Muito se observa, sobretudo no mundo Ocidental capitalista, um forte uso do Direito fora do Campo Jurídico, isto é, o Direito sendo mobilizado a fim de proporcionar mudanças sociais e políticas. E, apesar de a doutrina majoritária se colocar veementemente contrária a essa ação do Direito, trata-se de uma realidade necessária para que se atinja uma justiça mais substantiva e material.
Todavia,
existe duas concepções para a ação do judiciário na concessão de direitos: uma
proposto por Antoine Garapon, que entende esse fenômeno como sendo o resultado
da benevolência de magistrados; por outro lado, Michael McCann enxerga os tribunais
como sendo apenas mais uma peça (de extrema importância) desse fenômeno, que
depende estritamente de grupos e indivíduos que se entendem como seres de
direitos.
Nesse
sentido, para McCann, o uso do Direito para mudanças sociais e políticas se inicia
grupos sociais ou indivíduos se entendem como seres dos quais os direitos foram
usurpados pelos grupos dominantes.
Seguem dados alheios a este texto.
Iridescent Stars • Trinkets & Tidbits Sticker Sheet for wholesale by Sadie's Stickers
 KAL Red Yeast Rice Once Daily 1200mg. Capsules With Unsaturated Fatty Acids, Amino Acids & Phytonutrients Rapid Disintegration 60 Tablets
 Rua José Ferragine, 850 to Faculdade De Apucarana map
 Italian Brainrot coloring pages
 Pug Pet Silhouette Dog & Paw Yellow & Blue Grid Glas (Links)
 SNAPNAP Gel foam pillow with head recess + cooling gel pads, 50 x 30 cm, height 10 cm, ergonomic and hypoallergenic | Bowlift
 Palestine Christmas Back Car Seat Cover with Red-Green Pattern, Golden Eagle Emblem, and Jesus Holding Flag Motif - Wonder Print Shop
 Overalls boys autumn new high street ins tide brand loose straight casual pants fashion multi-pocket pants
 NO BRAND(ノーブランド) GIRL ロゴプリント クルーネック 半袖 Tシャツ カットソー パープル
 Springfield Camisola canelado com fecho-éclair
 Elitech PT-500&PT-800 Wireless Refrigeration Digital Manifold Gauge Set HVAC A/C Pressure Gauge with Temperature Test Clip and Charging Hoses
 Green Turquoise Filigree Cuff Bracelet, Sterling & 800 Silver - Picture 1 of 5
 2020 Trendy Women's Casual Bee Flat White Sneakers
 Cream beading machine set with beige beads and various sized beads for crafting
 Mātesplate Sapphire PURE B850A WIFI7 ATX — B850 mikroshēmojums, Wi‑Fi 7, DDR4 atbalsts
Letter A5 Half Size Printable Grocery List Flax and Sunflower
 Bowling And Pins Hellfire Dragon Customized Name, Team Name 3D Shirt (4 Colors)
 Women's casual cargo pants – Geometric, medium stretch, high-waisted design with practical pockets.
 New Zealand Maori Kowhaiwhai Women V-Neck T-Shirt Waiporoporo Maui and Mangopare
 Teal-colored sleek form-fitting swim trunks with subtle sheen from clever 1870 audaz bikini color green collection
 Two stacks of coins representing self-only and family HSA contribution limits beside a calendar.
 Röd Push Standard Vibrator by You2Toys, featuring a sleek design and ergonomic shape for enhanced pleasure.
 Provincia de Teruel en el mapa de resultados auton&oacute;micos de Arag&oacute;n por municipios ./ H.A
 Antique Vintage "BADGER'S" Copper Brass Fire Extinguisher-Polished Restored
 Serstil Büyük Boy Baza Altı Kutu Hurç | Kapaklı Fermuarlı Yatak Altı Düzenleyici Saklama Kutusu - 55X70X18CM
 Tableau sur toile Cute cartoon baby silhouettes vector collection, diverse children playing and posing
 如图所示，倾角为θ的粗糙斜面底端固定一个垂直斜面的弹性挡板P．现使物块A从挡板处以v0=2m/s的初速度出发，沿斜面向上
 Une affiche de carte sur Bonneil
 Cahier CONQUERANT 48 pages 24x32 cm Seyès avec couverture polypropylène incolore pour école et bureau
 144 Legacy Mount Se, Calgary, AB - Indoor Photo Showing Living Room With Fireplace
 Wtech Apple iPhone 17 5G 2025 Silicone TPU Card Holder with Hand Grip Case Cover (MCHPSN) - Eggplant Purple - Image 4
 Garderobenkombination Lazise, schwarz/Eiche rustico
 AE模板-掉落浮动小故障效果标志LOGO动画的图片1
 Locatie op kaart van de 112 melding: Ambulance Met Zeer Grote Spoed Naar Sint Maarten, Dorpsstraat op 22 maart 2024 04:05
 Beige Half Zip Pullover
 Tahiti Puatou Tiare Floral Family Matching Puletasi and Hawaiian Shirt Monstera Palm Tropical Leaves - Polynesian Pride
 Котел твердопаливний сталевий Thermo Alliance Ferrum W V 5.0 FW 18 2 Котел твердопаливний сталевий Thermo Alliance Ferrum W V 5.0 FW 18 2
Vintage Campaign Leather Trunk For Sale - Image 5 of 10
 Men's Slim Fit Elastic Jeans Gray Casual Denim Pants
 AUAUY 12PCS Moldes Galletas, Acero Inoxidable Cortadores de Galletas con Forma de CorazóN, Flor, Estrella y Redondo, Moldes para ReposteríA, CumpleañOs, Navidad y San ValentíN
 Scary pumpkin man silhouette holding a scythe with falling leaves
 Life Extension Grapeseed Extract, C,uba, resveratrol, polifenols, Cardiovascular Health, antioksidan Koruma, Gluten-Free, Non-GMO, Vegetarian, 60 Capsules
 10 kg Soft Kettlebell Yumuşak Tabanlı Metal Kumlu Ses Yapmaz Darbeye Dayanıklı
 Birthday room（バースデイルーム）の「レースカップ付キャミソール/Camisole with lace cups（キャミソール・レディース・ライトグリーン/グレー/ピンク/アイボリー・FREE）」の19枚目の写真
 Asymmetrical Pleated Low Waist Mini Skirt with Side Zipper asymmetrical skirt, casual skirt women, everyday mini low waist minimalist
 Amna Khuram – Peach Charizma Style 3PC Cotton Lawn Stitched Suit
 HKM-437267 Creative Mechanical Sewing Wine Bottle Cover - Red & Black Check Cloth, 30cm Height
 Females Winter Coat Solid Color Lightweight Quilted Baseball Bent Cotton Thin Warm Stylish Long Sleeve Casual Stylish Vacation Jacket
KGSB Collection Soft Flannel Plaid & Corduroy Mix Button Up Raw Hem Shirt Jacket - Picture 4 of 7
A partir disso, passam a exigir que esses
direitos sejam efetivados e legitimados. Todavia, não encontram
representatividade na política, o que os força a procurarem outros meios, dentre
os quais está o Direito.
Quanto
a isso, muito se critica, uma vez que a maioria dos doutrinadores entendem esse
fenômeno como sendo uma anomalia do sistema de pesos e contrapesos. Entretanto,
se faz extremamente necessário para que o Direito realize de forma efetiva àquilo
que se propõe. Ou seja, no campo da política, corrigir problemáticas e o não
funcionamento da democracia; no campo jurídico, o estabelecimento da justiça.
Esse
fenômeno é o que explica a petição para a cirurgia de transgenitalização pelo
Sistema Universal de Saúde (SUS), em Jales, no estado de São Paulo.
A parte
autora da petição, desde criança não se identificava com o sexo biológico com
que nascera. Decorrente disso, passou anos em tratamentos químicos hormonais
para que sua estrutura física se tornasse mais semelhante à de uma mulher, tal qual
passou a se vestir com roupas tidas como femininas. Apesar disso, ainda sofria
constante constrangimento, uma vez que seus documentos não condiziam com sua aparência
física, além de que suas genitálias também não correspondiam para com a sua
identificação de gênero. Essas duas questões, somadas a diversas outras, foram
causas de várias dores psicológicas, que fizeram com que a parte-autora tivesse
casos de depressão, como atestado por especialistas da área.
Nesse
contexto, pode-se perceber que logo cedo em sua vida a parte-autora já se identificava
como indivíduo de direito, sobretudo ao direito de dignidade e felicidade, os
quais foram usurpados por uma lógica excludente de gênero e sexualidade. Isso
fez com que a parte-autora buscasse, por meios legais, formas de se conquistas
esses.
Desse
modo, a parte-autora compreendeu que, para tanto, se faria necessário o seguinte:
cirurgia de transgenitalização; e a mudança do nome em Registro Civil para se
constar o nome feminino.
Diante
desse caso, pode-se retirar as seguintes conclusões: o fato de o Tribunal Estadual
de São Paulo ter aceitado a petição mostra como uma das funções do Direito é de
fato a garantia de justiça; esse caso ter acorrido apenas comprova aquilo que
McCann propõe, uma vez que foi decorrente da identificação individual.